Eventually, familiarity bred discontent, and discontent inspired innovation. New framing elements—beyond standard C-shaped studs and U-shaped tracks—are not only possible using advanced roll-forming methods, but can also be pre-engineered/pre-approved for specific needs to improve CFSF at both the design and construction phases.
Standardized, code-approved specialty elements can solve many challenges in a consistent manner with better, more reliable performance. They simplify detailing and provide a solution more likely to be properly installed by the contractor. They also speed up construction and streamline inspections, saving time and headaches. These standardized components also improve jobsite safety through less cutting, assembly, screwing, and welding.
Standard practices without standards
CFSF has become such an accepted part of the landscape it is hard to imagine commercial or high-rise residential construction without it. This broad acceptance has been achieved in a relatively short time; it did not see widespread use until after World War II.
The first design standards for CFSF were published in 1946 by the American Iron and Steel Institute (AISI). The latest version, AISI S 200-07, North American Standard for Cold-formed Steel Framing–General Provisions, is now the standard for Canada, the United States, and Mexico.
Basic standardization made all the difference, and CFSF took off as a construction method, both for load- and non-load-bearing requirements. Among its benefits, it is:
- fast to construct;
- non-combustible (and can be part of a fire-resistance-rated system);
- easy to insulate for acoustic and thermal insulation requirements;
- not susceptible to rot, mould growth, or termite infestation; and
- high in recycled content.
As ground-breaking as the AISI standard was, it did not codify everything. Much was still left to designers and contractors to decide.
The CFSF system is founded on studs and track. Steel studs, like wood studs, are vertical members. They are usually formed in a C-shaped cross-section, with the ‘top’ and ‘bottom’ of the C forming the narrow dimensions of the stud—its flanges. Tracks are horizontal framing members—sill plates and header members—designed in a U-shape to receive the studs. Studs are generally made in sizes similar to nominal ‘2-by’ lumber: 41 x 89 mm (1 5/8 x 3 ½ in.) is a ‘2×4,’ while 41 x 140 mm (1 5/8 x 5 ½ in.) is a ‘2×6.’ In these examples, the 41-mm dimension is referred to as the ‘flange,’ and the 89- or 140-mm dimension is the ‘web,’ drawing on concepts familiar from hot-rolled steel and similar I-beam type members. The track is sized to accommodate the overall width of studs.
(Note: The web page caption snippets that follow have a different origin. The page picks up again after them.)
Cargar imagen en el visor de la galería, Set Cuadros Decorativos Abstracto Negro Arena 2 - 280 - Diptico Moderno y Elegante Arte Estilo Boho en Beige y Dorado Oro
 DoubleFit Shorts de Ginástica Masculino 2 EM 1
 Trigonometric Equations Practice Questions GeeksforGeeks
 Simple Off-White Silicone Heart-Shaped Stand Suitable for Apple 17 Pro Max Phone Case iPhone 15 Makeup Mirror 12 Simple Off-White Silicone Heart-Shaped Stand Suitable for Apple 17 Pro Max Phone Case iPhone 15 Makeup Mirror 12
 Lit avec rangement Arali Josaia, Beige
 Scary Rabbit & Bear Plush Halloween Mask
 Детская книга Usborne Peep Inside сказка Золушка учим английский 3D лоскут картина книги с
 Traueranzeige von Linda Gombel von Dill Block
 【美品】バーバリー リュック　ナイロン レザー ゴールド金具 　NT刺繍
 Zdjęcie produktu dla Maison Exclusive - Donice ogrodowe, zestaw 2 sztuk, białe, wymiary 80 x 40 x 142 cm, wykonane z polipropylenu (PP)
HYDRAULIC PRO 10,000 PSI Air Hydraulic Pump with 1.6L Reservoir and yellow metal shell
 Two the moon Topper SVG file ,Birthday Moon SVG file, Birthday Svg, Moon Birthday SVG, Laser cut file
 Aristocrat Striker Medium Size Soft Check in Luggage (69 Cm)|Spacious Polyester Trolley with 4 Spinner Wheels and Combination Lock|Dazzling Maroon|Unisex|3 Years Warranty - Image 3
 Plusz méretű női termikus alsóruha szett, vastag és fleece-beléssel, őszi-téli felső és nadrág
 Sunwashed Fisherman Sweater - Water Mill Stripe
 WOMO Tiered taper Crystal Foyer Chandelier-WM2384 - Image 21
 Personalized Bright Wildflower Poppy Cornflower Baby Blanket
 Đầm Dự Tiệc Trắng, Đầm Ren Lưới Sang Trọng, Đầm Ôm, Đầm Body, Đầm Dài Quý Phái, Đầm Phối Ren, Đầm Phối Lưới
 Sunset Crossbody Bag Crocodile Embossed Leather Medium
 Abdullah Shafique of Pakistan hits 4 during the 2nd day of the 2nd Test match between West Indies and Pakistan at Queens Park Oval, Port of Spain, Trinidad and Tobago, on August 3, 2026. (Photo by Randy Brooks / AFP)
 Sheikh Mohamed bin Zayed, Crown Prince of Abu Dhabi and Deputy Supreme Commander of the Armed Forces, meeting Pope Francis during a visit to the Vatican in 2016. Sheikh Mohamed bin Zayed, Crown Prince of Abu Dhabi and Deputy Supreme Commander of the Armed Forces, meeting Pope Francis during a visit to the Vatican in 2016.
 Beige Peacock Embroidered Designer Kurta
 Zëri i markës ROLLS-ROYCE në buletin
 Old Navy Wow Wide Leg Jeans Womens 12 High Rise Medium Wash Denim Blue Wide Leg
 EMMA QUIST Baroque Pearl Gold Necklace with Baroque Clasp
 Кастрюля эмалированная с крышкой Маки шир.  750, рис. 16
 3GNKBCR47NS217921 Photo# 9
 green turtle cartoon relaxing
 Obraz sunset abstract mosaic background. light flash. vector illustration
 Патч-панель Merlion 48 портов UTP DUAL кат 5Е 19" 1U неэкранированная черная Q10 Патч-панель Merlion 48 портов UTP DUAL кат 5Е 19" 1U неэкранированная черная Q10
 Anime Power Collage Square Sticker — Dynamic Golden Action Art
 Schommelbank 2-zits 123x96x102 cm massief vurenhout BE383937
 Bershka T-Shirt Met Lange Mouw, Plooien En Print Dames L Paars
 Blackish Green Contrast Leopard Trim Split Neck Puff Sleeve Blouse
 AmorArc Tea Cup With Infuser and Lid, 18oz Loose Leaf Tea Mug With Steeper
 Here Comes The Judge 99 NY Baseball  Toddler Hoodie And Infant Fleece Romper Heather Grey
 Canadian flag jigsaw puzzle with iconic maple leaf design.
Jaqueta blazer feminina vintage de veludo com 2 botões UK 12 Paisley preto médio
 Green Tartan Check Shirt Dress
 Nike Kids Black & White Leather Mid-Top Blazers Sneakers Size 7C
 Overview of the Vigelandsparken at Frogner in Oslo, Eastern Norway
Until recently, stronger members required by the design had to be detailed by the EOR and assembled in the field, using combinations of built-up stud and track, and C- and U-shaped members. The exact configuration was often left to the contractor, and could vary considerably even within one project. However, experience with CFSF over several decades led to identification of the limitations of these basic shapes, and problems associated with them.
For example, water can collect in the bottom track of a framed wall during construction when the framing is exposed. In the presence of sawdust, paper, or other organic material, this can then result in mould or other moisture-related problems, including gypsum board deterioration or the attraction of pests after the wall is enclosed. Similar problems can occur if water infiltrates the completed wall and collects due to condensation, leaks, or spills.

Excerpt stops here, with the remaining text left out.